Santa Clause 🎅 comes to town.
I’m having to eat my words here. The other day I said that it looked unlikely we would see a “Santa Clause Rally” in the markets. However, yesterday morning futures for the DJIA, SP 500, & Nasdaq all showed signs of an end of year bounce back.
The markets have all week to continue the rally, with Christmas falling on the weekend this year. However, next week will be a shortened trading week as Monday, the markets are closed. (Source: Standard)
The impact of interest rates on loans versus deposit accounts and investments
I’ve been talking a lot about the rise in interest rates. And how we will see additional increases next year.
While a rising interest rate environment means that borrowing money becomes more expensive, it also means that yields on deposit accounts and investments become more attractive.
One year ago, the Fed Funds Rate (FFR) was at 0.25%. Today it sits at 4.5%. That is a 4.25% increase.

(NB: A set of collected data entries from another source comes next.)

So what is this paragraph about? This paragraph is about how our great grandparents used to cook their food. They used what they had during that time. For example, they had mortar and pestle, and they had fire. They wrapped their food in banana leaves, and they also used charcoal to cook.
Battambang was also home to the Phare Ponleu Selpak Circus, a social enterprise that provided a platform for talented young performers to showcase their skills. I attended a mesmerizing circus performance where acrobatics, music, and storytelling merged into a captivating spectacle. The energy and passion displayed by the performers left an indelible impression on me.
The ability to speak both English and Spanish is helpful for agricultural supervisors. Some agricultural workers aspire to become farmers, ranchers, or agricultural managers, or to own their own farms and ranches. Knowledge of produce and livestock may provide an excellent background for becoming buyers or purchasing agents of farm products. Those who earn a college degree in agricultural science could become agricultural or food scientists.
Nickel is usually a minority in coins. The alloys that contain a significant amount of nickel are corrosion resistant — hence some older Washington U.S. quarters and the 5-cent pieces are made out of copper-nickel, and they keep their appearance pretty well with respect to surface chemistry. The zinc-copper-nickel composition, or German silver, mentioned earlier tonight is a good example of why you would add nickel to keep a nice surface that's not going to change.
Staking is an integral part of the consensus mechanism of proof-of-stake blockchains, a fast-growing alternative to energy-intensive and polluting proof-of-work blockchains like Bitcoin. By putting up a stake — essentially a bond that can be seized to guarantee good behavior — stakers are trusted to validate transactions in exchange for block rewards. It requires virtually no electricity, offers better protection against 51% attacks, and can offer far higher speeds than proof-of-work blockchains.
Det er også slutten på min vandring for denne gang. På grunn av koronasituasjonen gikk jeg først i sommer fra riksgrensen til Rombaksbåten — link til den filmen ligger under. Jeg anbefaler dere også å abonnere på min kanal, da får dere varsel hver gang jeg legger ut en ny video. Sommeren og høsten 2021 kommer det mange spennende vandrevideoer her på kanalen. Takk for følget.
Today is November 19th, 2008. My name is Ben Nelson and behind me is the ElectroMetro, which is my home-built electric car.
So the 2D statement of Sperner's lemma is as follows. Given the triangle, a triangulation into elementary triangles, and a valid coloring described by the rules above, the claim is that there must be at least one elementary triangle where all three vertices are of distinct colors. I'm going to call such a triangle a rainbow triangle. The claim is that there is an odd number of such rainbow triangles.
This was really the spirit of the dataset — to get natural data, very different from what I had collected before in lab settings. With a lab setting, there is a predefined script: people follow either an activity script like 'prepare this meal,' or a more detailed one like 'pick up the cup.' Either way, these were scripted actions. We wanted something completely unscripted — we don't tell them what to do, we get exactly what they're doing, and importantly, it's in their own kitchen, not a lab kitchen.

While loan rates tend to increase as the FFR increases or decreases, the correlation is not always one-for-one across all loan types. That’s because the FFR is the rate financial institutions charge one another for borrowing overnight funds. At the same time, many consumer and commercial loans are tied to other indices, such as the Wall Street Journal Prime Rate or, the past, LIBOR.
The 4.25% FFR increase has pushed the WSJ Prime Rate up the same amount. Its 52-week low was 3.25%, and it now sits at 7.50%. However, the average new auto loan, with a 72-month term, and the average 30-year mortgage rate have not increased quite that much. (Source: WSJ)
As of August 2022, the average new auto loan was 5.61%. One year earlier, it was 4.97%(Source: FRED). So, nowhere near the 4.25% increase of the FFR. Meanwhile, the average 30-year mortgage went from 3.23% one-year ago to 6.61%. (Source: WSJ)
So, in summary, loan rates often move up with the FFR. But, not in perfect alignment.
Now let’s look at deposit and investment rates to see how they move when the FFR is steadily increasing. All comparisons are one-year apart.
- Money market rates were .07%; now they are .33%
- A 5-year CD was .42%; now it is 2.76%
- The 10-year Treasury was 1.41%; now it is 3.655%
You’d be wrong if you were hoping that increases in yield through conservative investments will offset any borrowing costs you may have.
This is one reason that investors who have longer retirement timelines still need to be considering more aggressive investment opportunities. I don’t know about you, but 3.65% on a ten-year deal doesn’t excite me very much.
It’s also why holding onto cash is a good idea so that you can invest quickly when good opportunities come along.
Upcoming economic data
Today’s economic data will be full of important information.
Most notable will be 1) jobless claims, which is estimated to see a 5% increase from 211k; 2) the real gross domestic product revision (SAAR). Interestingly, it is projected to remain flat at 2.9%.
The uptick in jobless claims makes sense, as layoffs extend outside the tech sector and into other areas. I’ve even seen posts about recruiters being let go in mass from companies as they drastically slow down hiring.